== STUDY MATERIAL ==
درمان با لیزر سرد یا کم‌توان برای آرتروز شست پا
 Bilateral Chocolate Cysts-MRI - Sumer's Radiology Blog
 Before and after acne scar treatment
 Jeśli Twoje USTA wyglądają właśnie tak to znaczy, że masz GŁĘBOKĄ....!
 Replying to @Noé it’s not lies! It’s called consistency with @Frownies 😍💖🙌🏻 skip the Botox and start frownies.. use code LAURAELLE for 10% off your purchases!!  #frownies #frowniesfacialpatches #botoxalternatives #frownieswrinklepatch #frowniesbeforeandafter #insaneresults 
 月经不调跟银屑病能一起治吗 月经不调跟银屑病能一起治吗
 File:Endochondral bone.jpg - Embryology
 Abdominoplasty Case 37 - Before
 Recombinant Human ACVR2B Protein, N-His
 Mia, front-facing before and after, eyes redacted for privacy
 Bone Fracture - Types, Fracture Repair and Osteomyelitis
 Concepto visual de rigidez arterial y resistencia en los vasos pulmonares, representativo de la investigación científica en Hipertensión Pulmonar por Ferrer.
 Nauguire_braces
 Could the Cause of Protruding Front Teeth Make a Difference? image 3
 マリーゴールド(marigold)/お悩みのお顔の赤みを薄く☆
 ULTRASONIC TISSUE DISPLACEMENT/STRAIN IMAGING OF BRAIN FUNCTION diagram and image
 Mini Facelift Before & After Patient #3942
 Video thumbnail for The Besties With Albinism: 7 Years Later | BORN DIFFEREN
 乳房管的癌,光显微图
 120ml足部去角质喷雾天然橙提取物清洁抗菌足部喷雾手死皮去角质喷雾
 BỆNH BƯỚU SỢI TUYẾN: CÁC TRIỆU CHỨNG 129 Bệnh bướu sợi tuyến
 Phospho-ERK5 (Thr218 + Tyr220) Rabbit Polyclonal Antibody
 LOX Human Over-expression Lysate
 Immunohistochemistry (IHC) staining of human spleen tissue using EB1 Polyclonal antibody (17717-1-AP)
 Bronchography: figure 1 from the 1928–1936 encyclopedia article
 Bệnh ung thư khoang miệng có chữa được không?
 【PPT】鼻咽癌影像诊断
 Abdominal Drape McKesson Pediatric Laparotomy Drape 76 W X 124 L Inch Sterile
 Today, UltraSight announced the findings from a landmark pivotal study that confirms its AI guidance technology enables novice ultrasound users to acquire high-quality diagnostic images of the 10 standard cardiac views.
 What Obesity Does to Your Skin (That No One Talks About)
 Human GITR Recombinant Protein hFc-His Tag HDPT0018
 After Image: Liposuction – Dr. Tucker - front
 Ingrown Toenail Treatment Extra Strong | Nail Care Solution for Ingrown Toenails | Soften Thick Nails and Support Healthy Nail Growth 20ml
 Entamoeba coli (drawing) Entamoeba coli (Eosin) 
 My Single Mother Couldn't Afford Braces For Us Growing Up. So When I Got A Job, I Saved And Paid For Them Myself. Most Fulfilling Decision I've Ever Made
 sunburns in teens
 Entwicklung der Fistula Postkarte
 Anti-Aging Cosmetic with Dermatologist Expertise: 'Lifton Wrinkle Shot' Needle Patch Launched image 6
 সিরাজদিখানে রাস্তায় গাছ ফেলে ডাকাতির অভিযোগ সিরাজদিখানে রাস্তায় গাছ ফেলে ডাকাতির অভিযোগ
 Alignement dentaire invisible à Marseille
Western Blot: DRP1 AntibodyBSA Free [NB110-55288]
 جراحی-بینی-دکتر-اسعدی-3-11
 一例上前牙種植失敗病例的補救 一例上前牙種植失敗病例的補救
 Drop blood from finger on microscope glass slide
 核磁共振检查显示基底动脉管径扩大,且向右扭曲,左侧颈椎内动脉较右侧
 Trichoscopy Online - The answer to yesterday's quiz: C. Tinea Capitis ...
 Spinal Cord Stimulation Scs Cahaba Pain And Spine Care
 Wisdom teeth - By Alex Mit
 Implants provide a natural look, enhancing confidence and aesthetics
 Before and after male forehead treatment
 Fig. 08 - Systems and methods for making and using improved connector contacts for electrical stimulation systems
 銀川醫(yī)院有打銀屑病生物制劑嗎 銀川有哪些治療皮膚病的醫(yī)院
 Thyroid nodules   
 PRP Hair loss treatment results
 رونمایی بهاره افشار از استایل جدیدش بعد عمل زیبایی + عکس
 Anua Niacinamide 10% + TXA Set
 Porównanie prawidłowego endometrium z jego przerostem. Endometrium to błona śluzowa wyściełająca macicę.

== REQUIRED WORK ==
The entries above need to be repeated in full, exactly as written.

== EXERCISE OUTPUT ==
درمان با لیزر سرد یا کم‌توان برای آرتروز شست پا
 Bilateral Chocolate Cysts-MRI - Sumer's Radiology Blog
 Before and after acne scar treatment
 Jeśli Twoje USTA wyglądają właśnie tak to znaczy, że masz GŁĘBOKĄ....!
 Replying to @Noé it’s not lies! It’s called consistency with @Frownies 😍💖🙌🏻 skip the Botox and start frownies.. use code LAURAELLE for 10% off your purchases!!  #frownies #frowniesfacialpatches #botoxalternatives #frownieswrinklepatch #frowniesbeforeandafter #insaneresults 
 月经不调跟银屑病能一起治吗 月经不调跟银屑病能一起治吗
 File:Endochondral bone.jpg - Embryology
 Abdominoplasty Case 37 - Before
 Recombinant Human ACVR2B Protein, N-His
 Mia, front-facing before and after, eyes redacted for privacy
 Bone Fracture - Types, Fracture Repair and Osteomyelitis
 Concepto visual de rigidez arterial y resistencia en los vasos pulmonares, representativo de la investigación científica en Hipertensión Pulmonar por Ferrer.
 Nauguire_braces
 Could the Cause of Protruding Front Teeth Make a Difference? image 3
 マリーゴールド(marigold)/お悩みのお顔の赤みを薄く☆
 ULTRASONIC TISSUE DISPLACEMENT/STRAIN IMAGING OF BRAIN FUNCTION diagram and image
 Mini Facelift Before & After Patient #3942
 Video thumbnail for The Besties With Albinism: 7 Years Later | BORN DIFFEREN
 乳房管的癌,光显微图
 120ml足部去角质喷雾天然橙提取物清洁抗菌足部喷雾手死皮去角质喷雾
 BỆNH BƯỚU SỢI TUYẾN: CÁC TRIỆU CHỨNG 129 Bệnh bướu sợi tuyến
 Phospho-ERK5 (Thr218 + Tyr220) Rabbit Polyclonal Antibody
 LOX Human Over-expression Lysate
 Immunohistochemistry (IHC) staining of human spleen tissue using EB1 Polyclonal antibody (17717-1-AP)
 Bronchography: figure 1 from the 1928–1936 encyclopedia article
 Bệnh ung thư khoang miệng có chữa được không?
 【PPT】鼻咽癌影像诊断
 Abdominal Drape McKesson Pediatric Laparotomy Drape 76 W X 124 L Inch Sterile
 Today, UltraSight announced the findings from a landmark pivotal study that confirms its AI guidance technology enables novice ultrasound users to acquire high-quality diagnostic images of the 10 standard cardiac views.
 What Obesity Does to Your Skin (That No One Talks About)
 Human GITR Recombinant Protein hFc-His Tag HDPT0018
 After Image: Liposuction – Dr. Tucker - front
 Ingrown Toenail Treatment Extra Strong | Nail Care Solution for Ingrown Toenails | Soften Thick Nails and Support Healthy Nail Growth 20ml
 Entamoeba coli (drawing) Entamoeba coli (Eosin) 
 My Single Mother Couldn't Afford Braces For Us Growing Up. So When I Got A Job, I Saved And Paid For Them Myself. Most Fulfilling Decision I've Ever Made
 sunburns in teens
 Entwicklung der Fistula Postkarte
 Anti-Aging Cosmetic with Dermatologist Expertise: 'Lifton Wrinkle Shot' Needle Patch Launched image 6
 সিরাজদিখানে রাস্তায় গাছ ফেলে ডাকাতির অভিযোগ সিরাজদিখানে রাস্তায় গাছ ফেলে ডাকাতির অভিযোগ
 Alignement dentaire invisible à Marseille
Western Blot: DRP1 AntibodyBSA Free [NB110-55288]
 جراحی-بینی-دکتر-اسعدی-3-11
 一例上前牙種植失敗病例的補救 一例上前牙種植失敗病例的補救
 Drop blood from finger on microscope glass slide
 核磁共振检查显示基底动脉管径扩大,且向右扭曲,左侧颈椎内动脉较右侧
 Trichoscopy Online - The answer to yesterday's quiz: C. Tinea Capitis ...
 Spinal Cord Stimulation Scs Cahaba Pain And Spine Care
 Wisdom teeth - By Alex Mit
 Implants provide a natural look, enhancing confidence and aesthetics
 Before and after male forehead treatment
 Fig. 08 - Systems and methods for making and using improved connector contacts for electrical stimulation systems
 銀川醫(yī)院有打銀屑病生物制劑嗎 銀川有哪些治療皮膚病的醫(yī)院
 Thyroid nodules   
 PRP Hair loss treatment results
 رونمایی بهاره افشار از استایل جدیدش بعد عمل زیبایی + عکس
 Anua Niacinamide 10% + TXA Set
 Porównanie prawidłowego endometrium z jego przerostem. Endometrium to błona śluzowa wyściełająca macicę.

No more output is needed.